Data supplied START

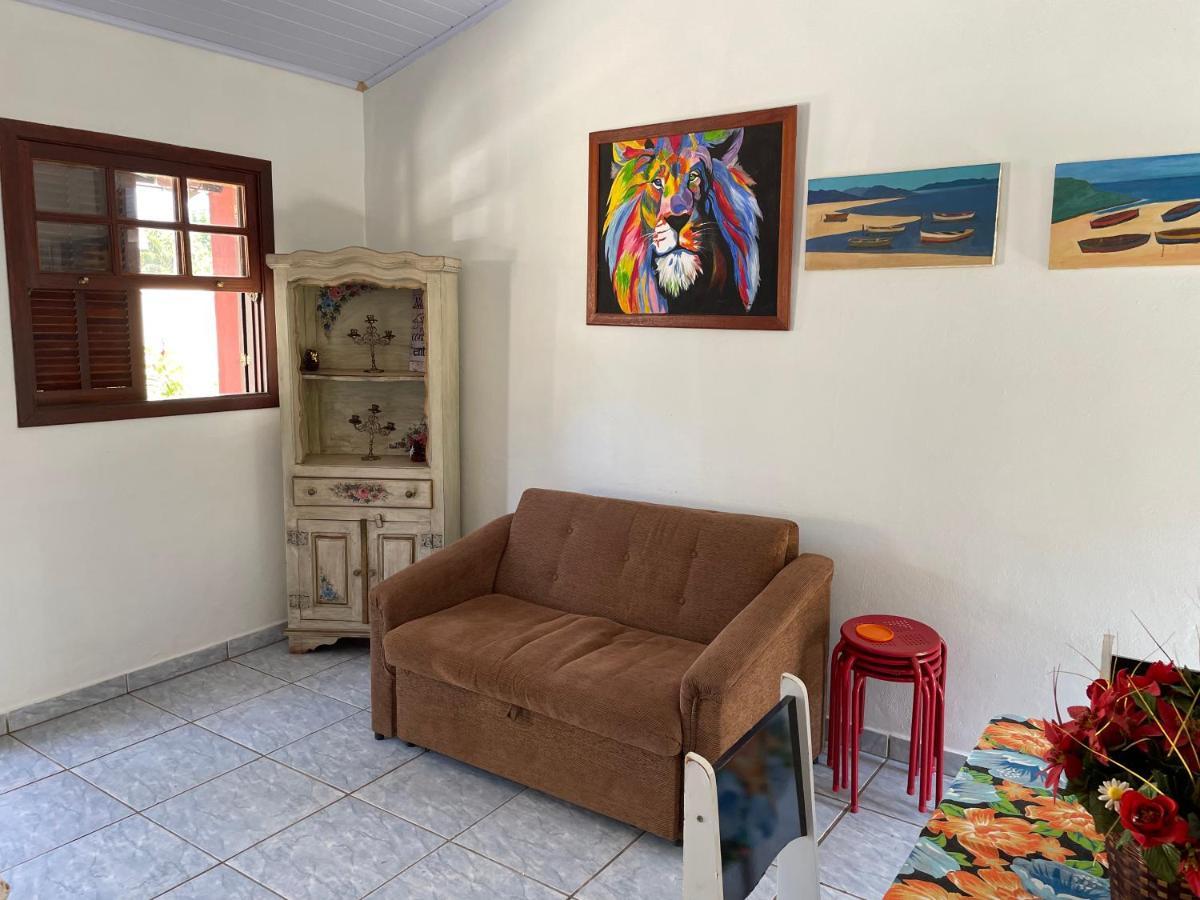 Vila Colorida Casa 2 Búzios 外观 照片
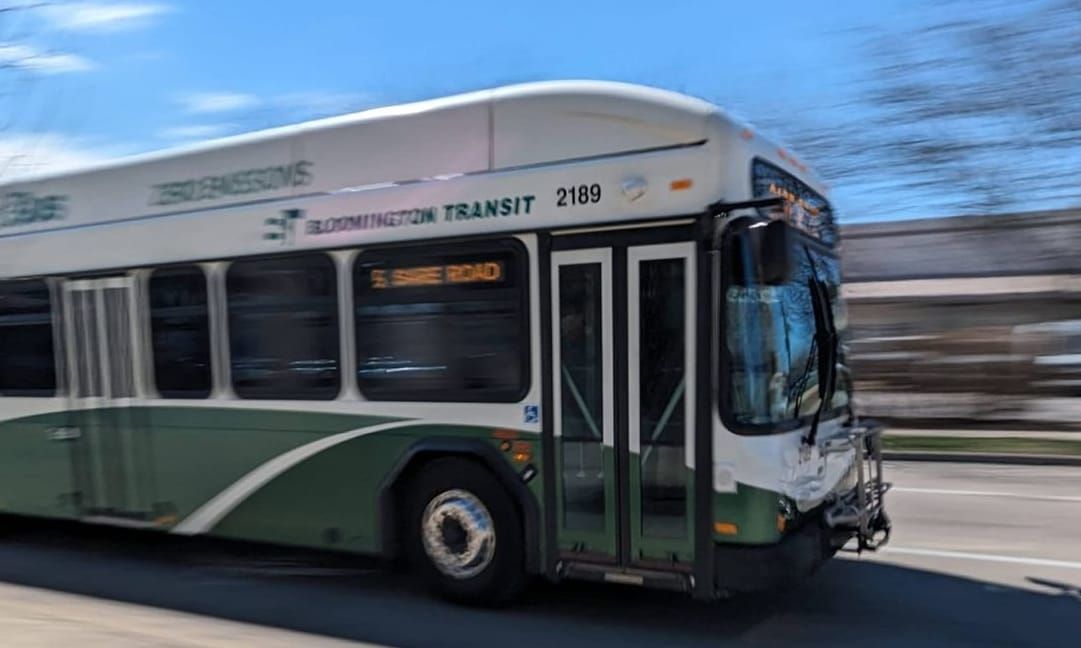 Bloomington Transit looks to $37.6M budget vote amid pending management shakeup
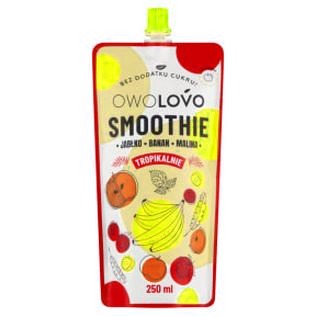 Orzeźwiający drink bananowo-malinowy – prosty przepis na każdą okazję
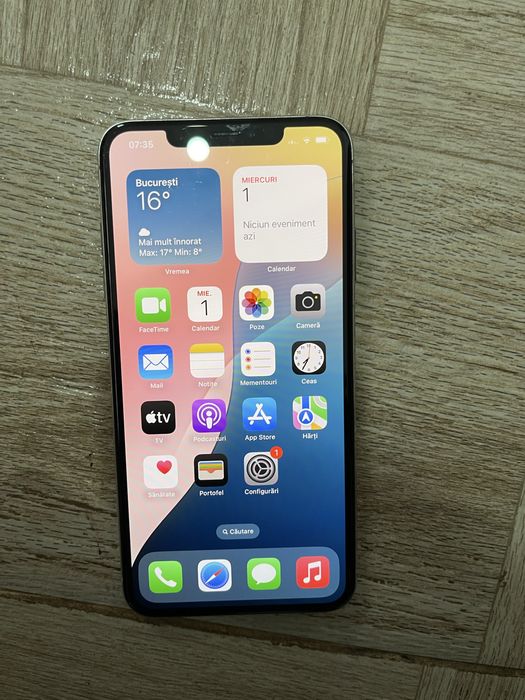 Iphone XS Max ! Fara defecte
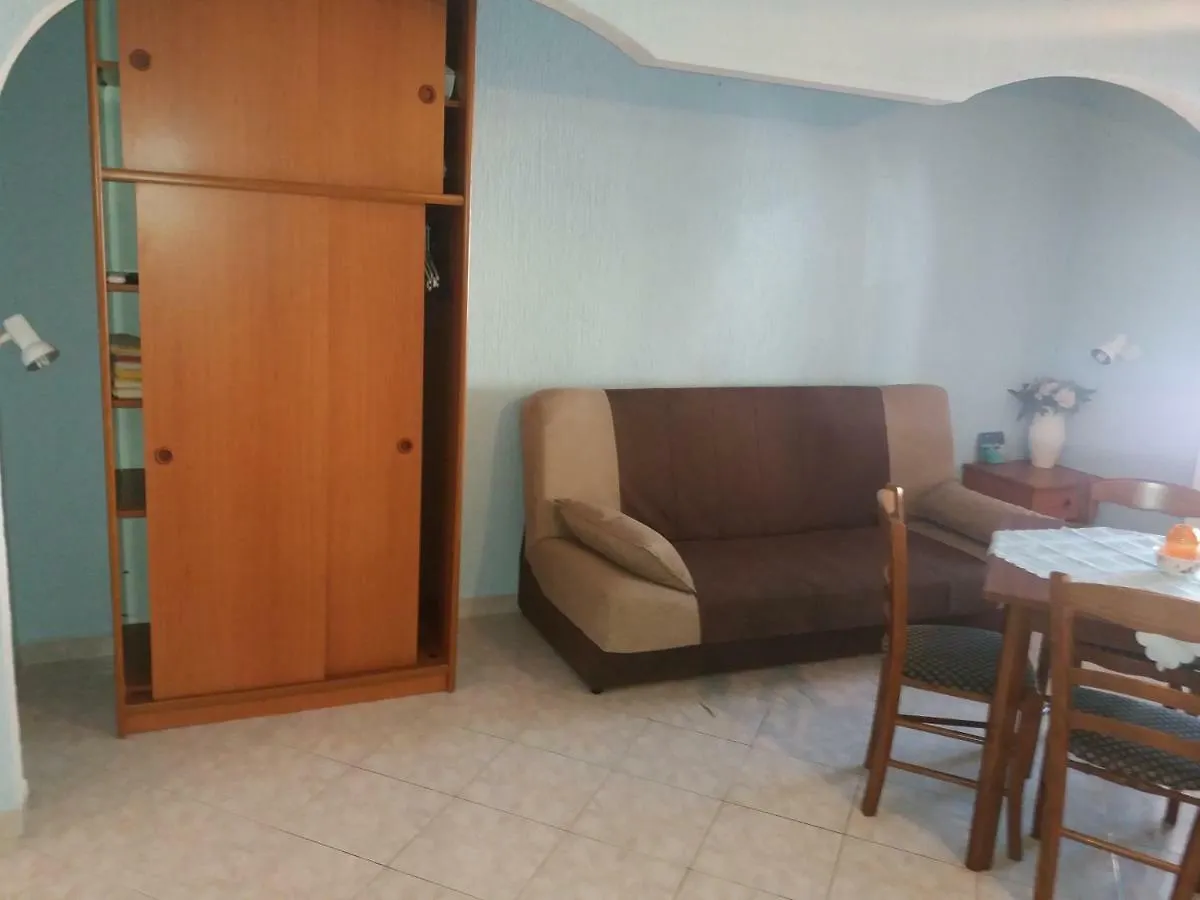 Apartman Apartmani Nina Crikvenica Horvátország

Data supplied END
Data supplied START

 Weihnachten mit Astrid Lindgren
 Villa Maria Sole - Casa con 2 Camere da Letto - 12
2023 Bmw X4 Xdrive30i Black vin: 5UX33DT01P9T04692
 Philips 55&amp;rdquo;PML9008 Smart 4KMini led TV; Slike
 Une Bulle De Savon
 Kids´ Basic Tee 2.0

Data supplied END
Data supplied START

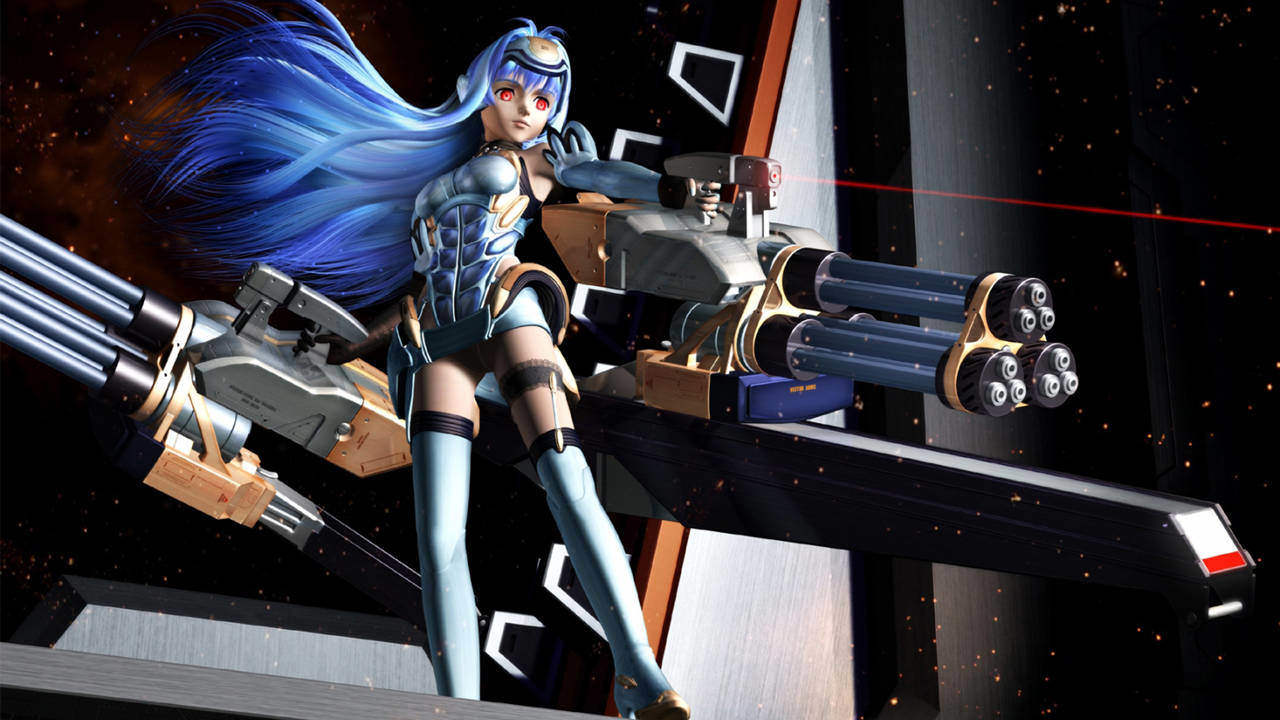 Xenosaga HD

Data supplied END

From the records above, print exactly the lines that run from the line with "2023 Bmw X4" to the line with "Kids´ Basic Tee 2.0", inclusive.

2023 Bmw X4 Xdrive30i Black vin: 5UX33DT01P9T04692
 Philips 55&amp;rdquo;PML9008 Smart 4KMini led TV; Slike
 Une Bulle De Savon
 Kids´ Basic Tee 2.0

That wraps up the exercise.